Ezcümle, stratejik tavır salt CHP seçmenine özgü değil. Hattâ oransal olarak bakıldığında HDP seçmeninin CHP seçmeninden daha fazla bir stratejik akılla oyunu biçimlendirdiği söylenebilir.
Metropoll Stratejik ve Sosyal Araştırmalar Merkezi’nin 24 Haziran’ı değerlendiren “Türkiye’nin Nabzı Temmuz 2018” başlıklı araştırmasındaki doneler de bunu teyit eder nitelikte. Metropoll’un araştırmasına göre; 24 Haziran’da oy verdikleri partilere göre dağılım yapıldığında, HDP’ye oy veren seçmenin % 75’i Demirtaş’a, % 21’i ise İnce’ye oy verdi. Bir başka ifadeyle her beş HDP seçmeninden biri — stratejik olarak — İnce’yi tercih etti.
HDP’nin oy kaynağı
HDP’ye verilen CHP oylarının ağırlıklı olduğuna dair itirazlarımı belirttikten sonra, yazının başlığını oluşturan soruya geçebilirim. Geçen yazıda hem Bekir Ağırdır’ın görüşlerine hem de Çilek Ağacı’nın verilerine değinmiştim. Metropoll’un yeni araştırması da meseleyi aydınlatacak türden; bu araştırmada da HDP’nin oy kaynağına dair de önemli bilgiler mevcut.

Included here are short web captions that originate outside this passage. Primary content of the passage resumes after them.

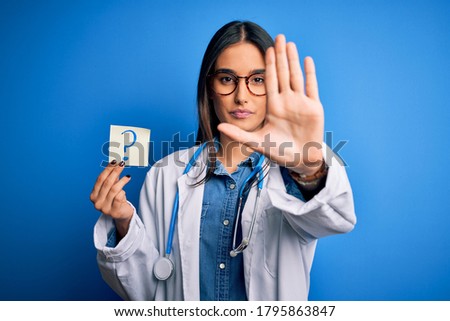 Young beautiful brunette doctor woman holding paper with question mark symbol message with open hand doing stop sign with serious and confident expression, defense gesture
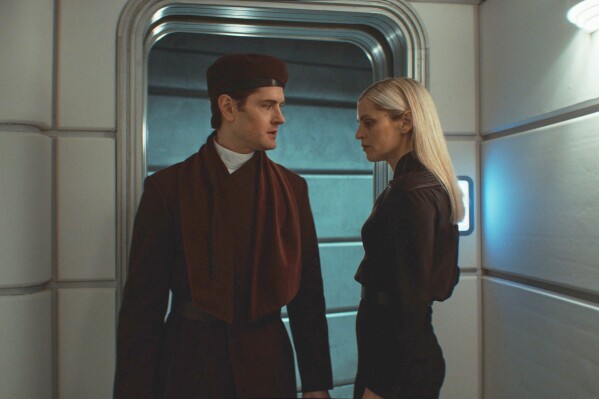 This image released by Disney shows Kyle Soller, left, and Denise Gough in a scene from the second season of Lucasfilm's "Andor." (Lucasfilm Ltd./Disney via AP)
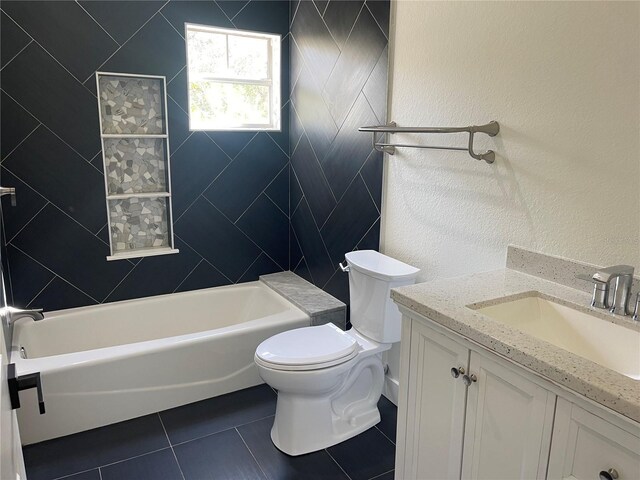 bathroom with toilet, vanity, and tile patterned floors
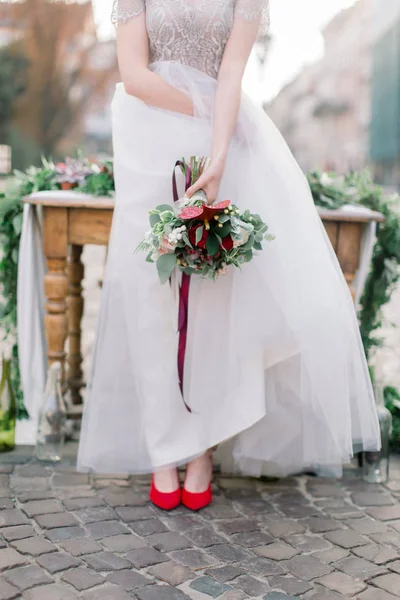 Güzel gelin, Eski Şehir merkezinde bir dekor ile ahşap masanın yanında duran, bir gelin buketi tutar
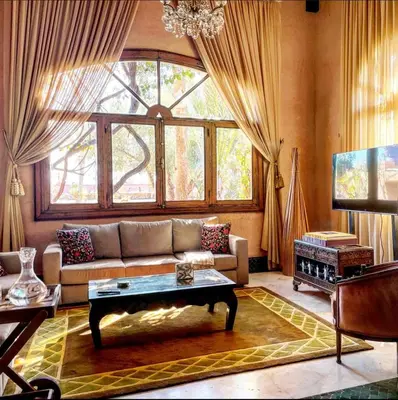 a living room with a couch and a large window at Jenan Mayshad Marrakech, Luxurious Private Domaine with Pool and Padel Court in Marrakech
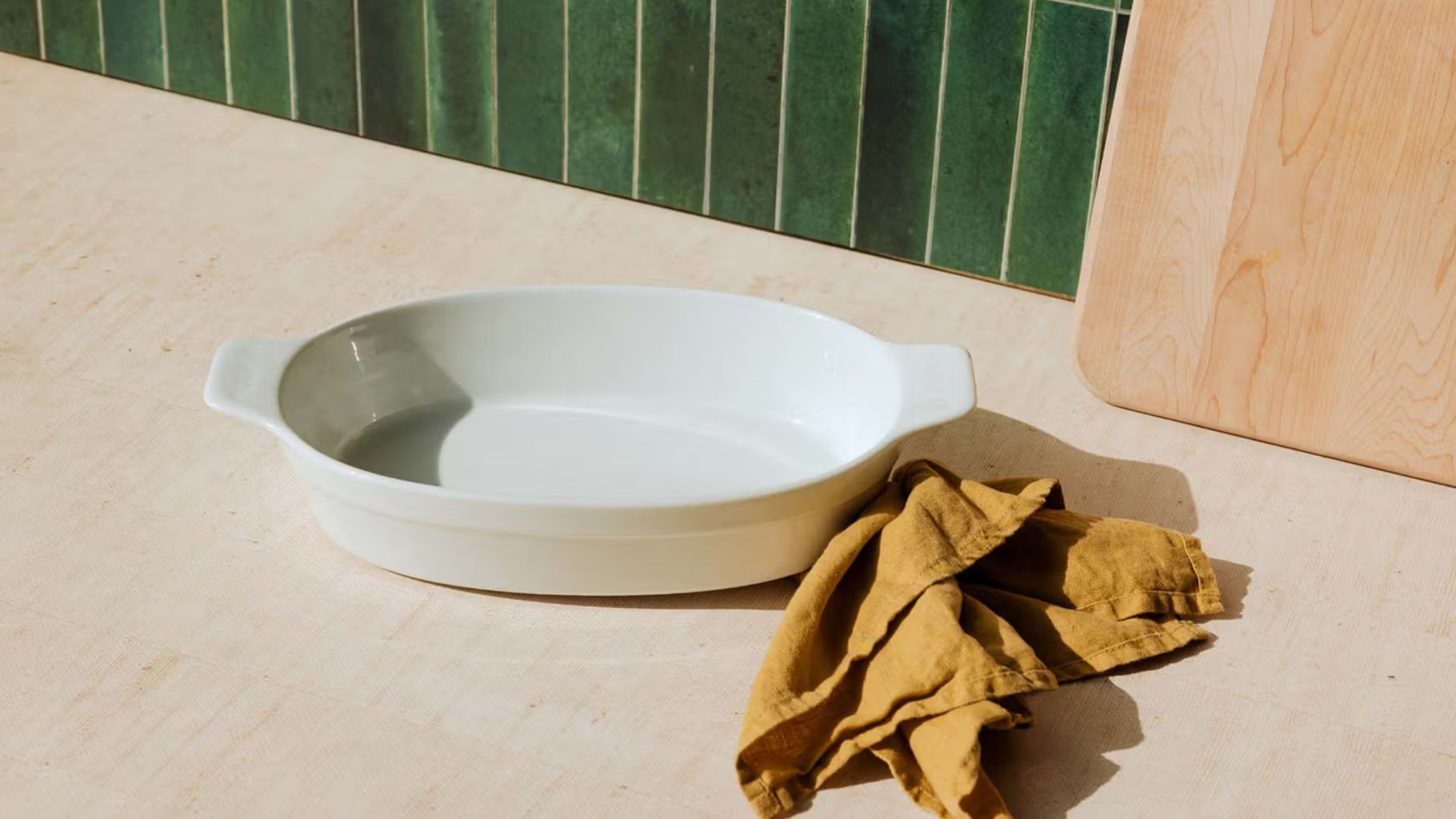 A white porcelain oval baking dish on a wooden kitchen counter, with a green tile back splash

Araştırmaya göre, HDP’nin aldığı % 11.70 oyun % 9.1’i 1 Kasım seçimlerinde de HDP’ye oy verenlerden, 1.4’ü ise geçen seçimde oy kullanmamışlardan geliyor. Dolayısıyla HDP’nin “kendi” oyu olarak nitelendirilebilecek oy oranı % 10.5 olarak çıkıyor. Bir önceki seçimde HDP’yi tercih etmeyip bu seçimde HDP’ye oy verenlerin oranı ise % 1.2 Bunun % 0.5’ini AK Parti’den, % 0.7’sini de CHP’den kopan oylar oluşturuyor.
Daha da somutlamak gerekirse şunu söyleyebiliriz: Kabataslak bir hesapla, 24 Haziran’da HDP yaklaşık 5 milyon 900 bin oy aldı. Metropoll’un bulgularına göre; bunun 5 milyon 300 bini kendi seçmeninden, 250 bini AK Parti ve 350 bini de CHP seçmeninden geldi.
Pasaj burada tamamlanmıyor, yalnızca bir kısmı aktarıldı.